Securities and Exchange Commission member Robert Jackson Jr. urged his colleagues to approve an advice reform rule across party lines so that it can withstand court challenges.
"Fundamentally, this can and should be a bipartisan effort of the commission," Mr. Jackson said Monday at the Practising Law Institute's SEC Speaks conference in Washington.
Mr. Jackson is currently the lone commissioner selected by congressional Democrats. The other three members, including Chairman Jay Clayton, were chosen by Republicans.
Last week, Allison H. Lee was nominated to be the fifth SEC commissioner. She would hold a Democratic seat if confirmed by the Senate, which would put the agency at full strength with five members.
Political unity is necessary on a final advice rule for it to hold up to legal scrutiny, Mr. Jackson said.
"A rule like this is going to be long litigated, not just in the [U.S.] D.C. Circuit [Court of Appeals] but in the marketplace for years," he said. "This is a unique moment in which we can and should speak with one voice."
The chances for a lawsuit over the advice rule increased recently when a group of former SEC chief economists submitted a comment letter questioning the quality of the economic and regulatory impact analysis done on the proposed rule.
Mr. Clayton didn't seem worried on Monday about such criticism.
"I'm very confident that the economic analysis that will accompany a final rule in this space will be robust," Mr. Clayton told reporters on the sidelines of the PLI conference.
He was less clear about whether he would delay a vote on a final rule until Ms. Lee is confirmed by the Senate. Most observers are expecting a vote this summer.
"In my time at the commission, I think we've had five different configurations of the commission," Mr. Clayton said. "Who knows?"
It could take the Senate several weeks — or even a couple of months — to confirm Ms. Lee.
"We always benefit from broader views on the commission," Mr. Jackson told reporters on the sidelines of the conference. "But I don't set the agenda, and I am aware of the fact that there are those who would like to proceed with the personnel we have at the moment."
In order to secure Mr. Jackson's vote for a final rule, he said some revisions would have to be made to its centerpiece, Regulation Best Interest. The measure would prohibit brokers from putting their own interests ahead of their clients' interests.
Mr. Jackson said the rule should clarify that brokers should put their clients' interests first, and limit or ban compensation practices that can cause conflicts of interest.

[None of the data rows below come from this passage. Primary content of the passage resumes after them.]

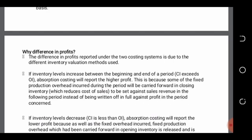The principle works as follows: you do not sell it, you lock it in store. The opening inventory was locked in the previous period but has been released this time. Some of the fixed production overheads incurred during the period will be carried forward in closing inventory, which ultimately reduces the cost of sales to be set against sales revenue in the following period, instead of being written off in full against the period concerned.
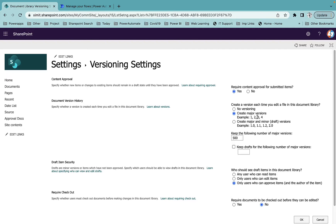When you select 'create major version', your document approval status goes to pending stage when you upload a new document. When you select 'create major and minor draft version', when you upload a new document it by default goes to a draft stage, and then as a user you have to submit it for approval, after which it goes to the pending stage. The third option is draft item security, which defines who can view an item in draft stage — only users who can approve items, anyone who can read, or only users who can edit. I'll keep the default. For 'require checkout', I'll set it to no and click OK.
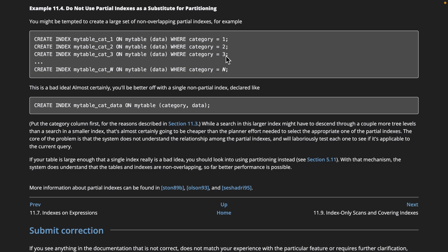The reason this is a problem is that Postgres doesn't understand the relationship between these different partial indexes, so it needs to test each one to determine the most efficient path. But this data is so perfectly segmented, there has to be a way to chunk it up into logical partitions!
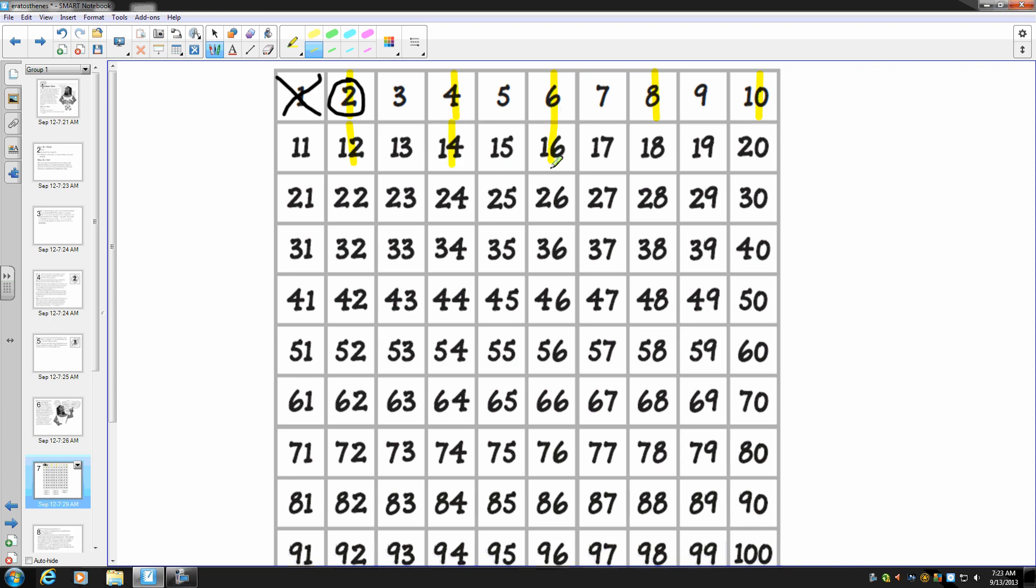I can actually draw a line all the way down because all the even numbers are in columns. So I'm going to do that. Well, that seems pretty easy.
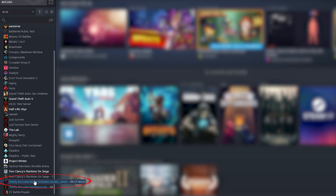Currently the beta is only running on Steam. But the full update will be released on Epic and Xbox later. The plan is to release the full update for the unit creator somewhere in November or December.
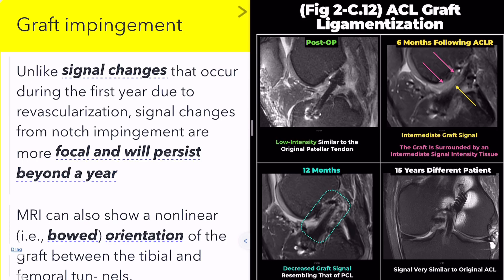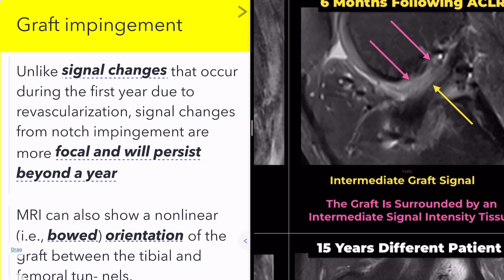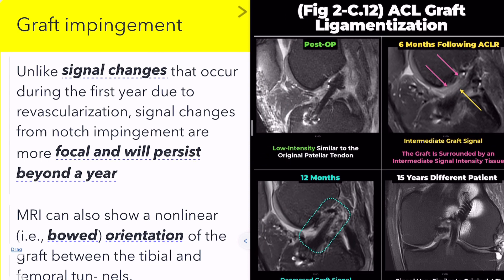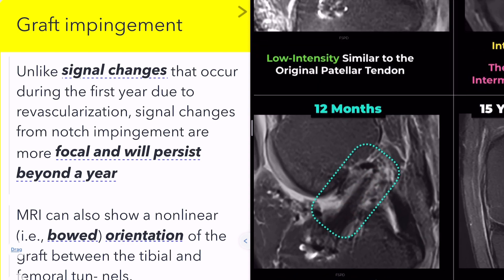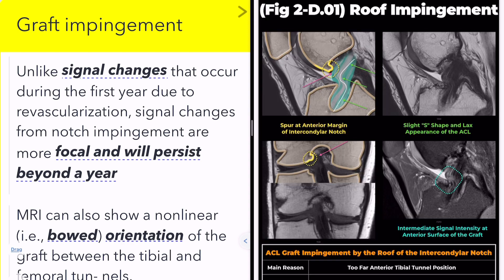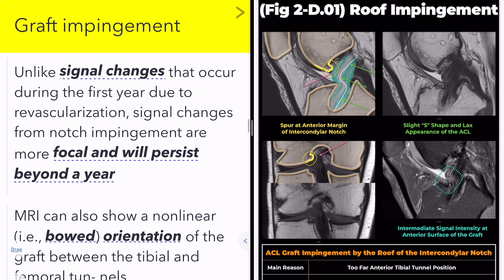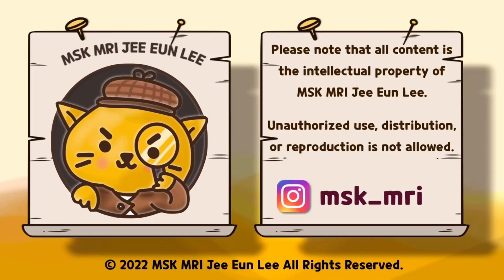Let's look at the case here. This image was taken 6 months post-surgery. Compared to the previous MRI, the graft is now surrounded by intermediate signal intensity tissue. This patient is exhibiting normal ACL graft ligamentization rather than roof impingement. When increased signal changes are observed in the ACL graft, it's crucial to differentiate impingement from ligamentization. If the surrounding signal is intermediate, typically between 4 to 8 months, and decreases over time, this is likely ligamentization. However, persistent signal changes in areas contacting osteophytes or showing posterior bowing due to impingement, even after a year, suggest roof impingement rather than ligamentization.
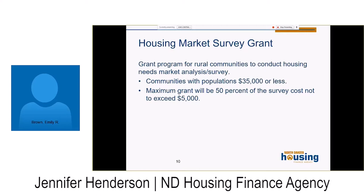Our definition of rural follows rural development — communities with populations of 35,000 or less. The maximum grant is 50% of the survey cost, not to exceed $5,000. A community does not necessarily need to commit to a housing study right away — we also have tools and resources to help you conduct a self-assessment to start asking questions about your housing situation. If through that process you decide a full survey is necessary, this program can help. A recent example: Traill County requested grant dollars to do a county-wide study including the community of Hillsboro, and that study provided details of housing need and they have been working through their economic development corporation to move initiatives forward.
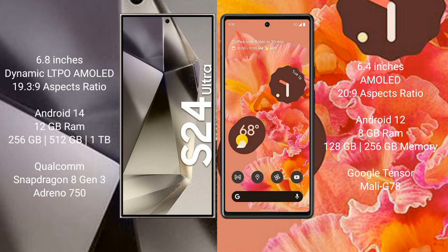The Samsung Galaxy S24 Ultra comes with a 6.8-inch Dynamic LTPO AMOLED display. The Google Pixel 6 comes with a 6.4-inch AMOLED display. The Samsung Galaxy S24 Ultra runs on Android 14, while the Google Pixel 6 runs on Android 12.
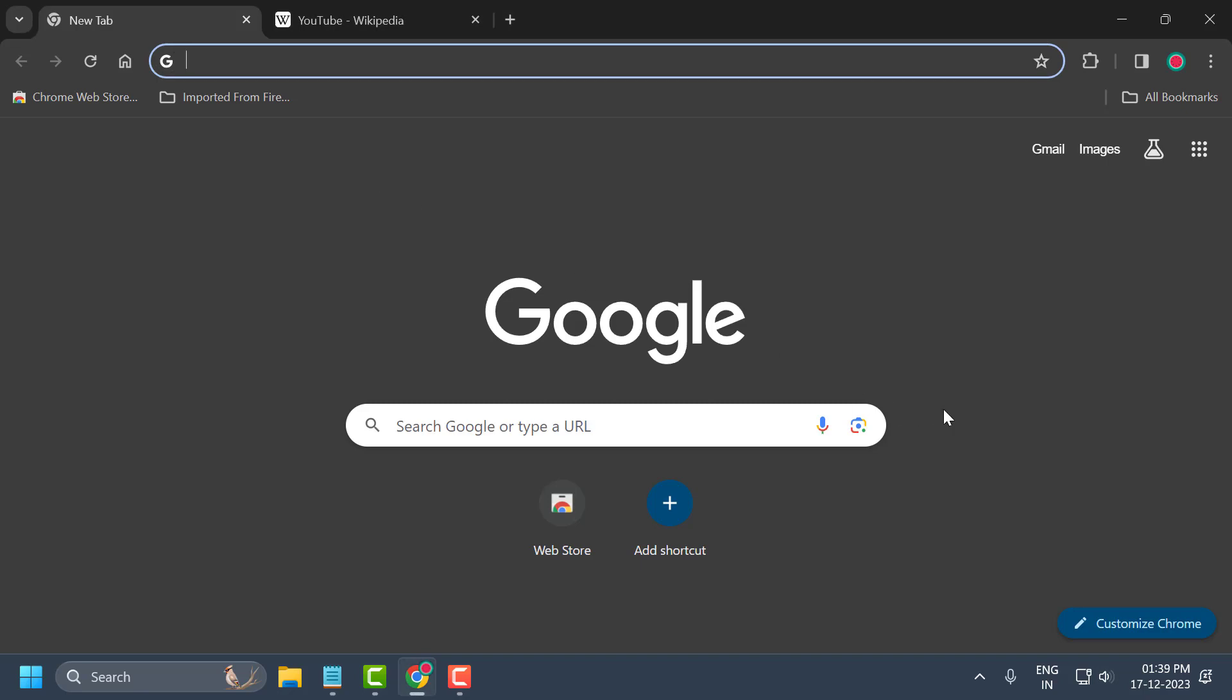Hello guys, welcome to my channel. Today we're going to see how to enable reader mode on Google Chrome.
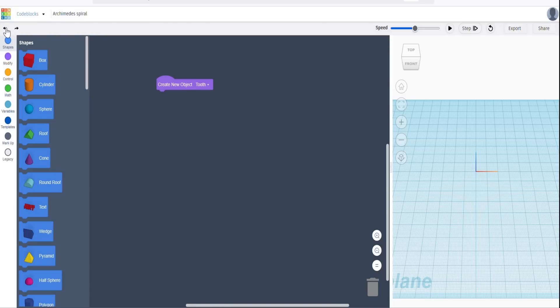We need to trick TinkerCAD into thinking it's using polar coordinates when it is, in fact, using Cartesian coordinates, and this is how we do it. We are in Code Blocks. If you've not looked at Code Blocks before, you should — it's a really great way of extending what you can do with TinkerCAD in a relatively easy way.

"There are significant changes we should make to this proposal before it goes final," he said.
In his remarks, Mr. Clayton didn't say whether the final Regulation Best Interest would change significantly from the proposal. As he usually does, he emphasized his overall goal with the rule, which would regulate investment advisers and brokers separately — with advisers continuing to adhere to fiduciary duty.
"The standards of conduct should reflect what retail investors would reasonably expect from these types of financial professionals, while preserving investor choice" in the type of financial adviser they hire, the scope of services and how they pay for them, Mr. Clayton said.